- **About this task**
Copy out once more, exactly, the line with "14033 Bold Run" and all the lines after it, up to the last line of the data.

[Saved data entries]
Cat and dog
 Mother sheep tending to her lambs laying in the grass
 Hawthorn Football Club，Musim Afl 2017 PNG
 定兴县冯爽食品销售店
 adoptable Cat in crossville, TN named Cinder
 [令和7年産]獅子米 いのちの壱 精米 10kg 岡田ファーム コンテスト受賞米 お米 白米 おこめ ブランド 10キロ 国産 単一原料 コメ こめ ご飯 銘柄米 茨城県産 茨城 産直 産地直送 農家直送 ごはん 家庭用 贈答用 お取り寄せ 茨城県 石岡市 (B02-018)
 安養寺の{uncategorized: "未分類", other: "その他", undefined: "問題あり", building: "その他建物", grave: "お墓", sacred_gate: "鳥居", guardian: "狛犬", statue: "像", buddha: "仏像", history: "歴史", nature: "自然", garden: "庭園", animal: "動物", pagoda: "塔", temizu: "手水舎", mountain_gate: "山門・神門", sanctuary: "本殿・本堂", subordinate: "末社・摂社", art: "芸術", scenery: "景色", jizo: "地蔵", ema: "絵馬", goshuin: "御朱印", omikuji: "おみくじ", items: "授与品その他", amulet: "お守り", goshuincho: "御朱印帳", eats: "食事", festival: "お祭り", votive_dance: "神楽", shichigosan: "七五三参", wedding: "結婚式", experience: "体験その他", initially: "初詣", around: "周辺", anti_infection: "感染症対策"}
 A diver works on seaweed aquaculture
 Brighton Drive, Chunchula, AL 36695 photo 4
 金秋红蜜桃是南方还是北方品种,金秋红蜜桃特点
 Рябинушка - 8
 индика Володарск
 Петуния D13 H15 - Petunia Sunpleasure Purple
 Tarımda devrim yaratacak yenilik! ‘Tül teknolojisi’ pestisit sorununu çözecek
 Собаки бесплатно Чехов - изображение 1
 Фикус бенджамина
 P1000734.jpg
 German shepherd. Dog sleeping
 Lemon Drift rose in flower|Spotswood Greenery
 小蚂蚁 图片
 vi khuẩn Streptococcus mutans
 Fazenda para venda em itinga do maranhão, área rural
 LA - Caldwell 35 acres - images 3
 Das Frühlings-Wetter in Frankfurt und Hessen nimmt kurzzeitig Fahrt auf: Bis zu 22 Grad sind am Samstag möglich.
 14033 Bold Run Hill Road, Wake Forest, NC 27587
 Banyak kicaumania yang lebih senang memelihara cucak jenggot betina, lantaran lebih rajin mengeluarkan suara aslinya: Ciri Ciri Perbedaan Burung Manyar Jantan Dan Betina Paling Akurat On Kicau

- **Exercise answer**
 14033 Bold Run Hill Road, Wake Forest, NC 27587
 Banyak kicaumania yang lebih senang memelihara cucak jenggot betina, lantaran lebih rajin mengeluarkan suara aslinya: Ciri Ciri Perbedaan Burung Manyar Jantan Dan Betina Paling Akurat On Kicau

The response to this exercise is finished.